The `training_data` folder contains the results of DFT calculations. Each directory labeled `SCELX_X_X_X_X_X_X/Y` corresponds to a configuration. The unrelaxed structure can be found in the file `POS` and the DFT data, including the relaxed structure, can be found in the file `calctype.default/properties.calc.json`.

In [7]:
from pathlib import Path

In [8]:
training_data = Path('training_data')
training_data = [i for i in training_data.rglob('SCEL*/[0-9]*/')]

We will now read the training data into configurations with properties. For each folder in `training_data`, we will find a match with a configuration in `config_set` by reading the unrelaxed structure from `POS`. Then, we will use `properties.calc.json` to get the DFT energy and calculate the deformation from structural relaxation. Note that the training data does not contain calculations for every enumerated configuration in the `config_list`. Also, the name of each configuration (e.g. `SCEL1_1_1_1_0_0_0/1`) is not a unique identifier -- the "fingerprint" of a configuration is its occupation string. For simplicity, we ignore configurations which are not primitive.
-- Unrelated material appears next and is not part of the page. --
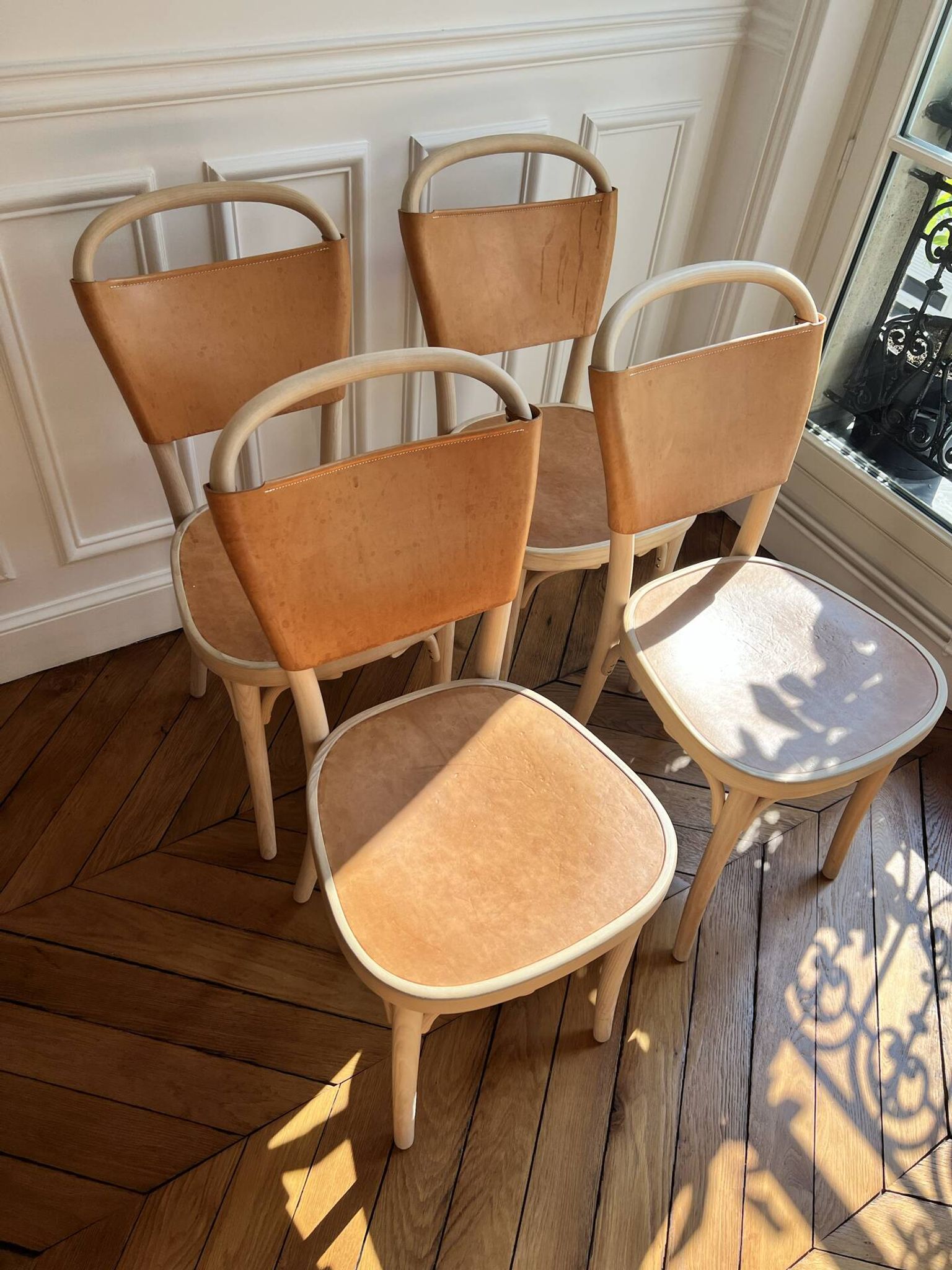 4 Gemla Vilda 3 dining chairs – Solid beech and natural leather – Sweden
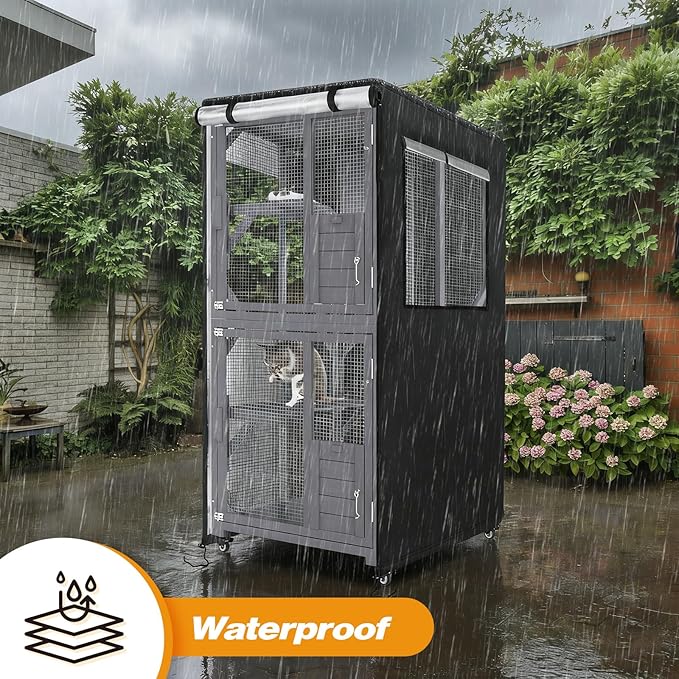 Catio Cover,31.5"L x 35.5"W x 64.5"H Cover for Catio Outdoor Cat Enclosure Waterproof, 420D Cat Cage Covers for VEVOR 3-Tier Catios, Outdoor Cats Enclosure Covers(Black)(Catios Not Included)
Results are written to a file called `config_props.json`.

This routine maps two structures assuming that the second (child) structure was produced directly from the first (parent) structure, for example via relaxation with VASP.

In [14]:
def map_relaxed_structure(ideal_structure, relaxed_structure_with_properties):
    """Given the ideal structure and relaxed structure, map and report mapping cost.

    Parameters
    ----------
    ideal_structure_path: str
        Path to the ideal structure in VASP POSCAR format.
    relaxed_structure_with_properties_path: str

    Returns
    -------
    structure_mapping: mapinfo.StructureMapping
    """
    # the ideal structure must be converted to CASM `xtal.Prim` format for some mapping steps.
    ideal_prim = xtal.Prim.from_poscar_str(ideal_structure.to_poscar_str())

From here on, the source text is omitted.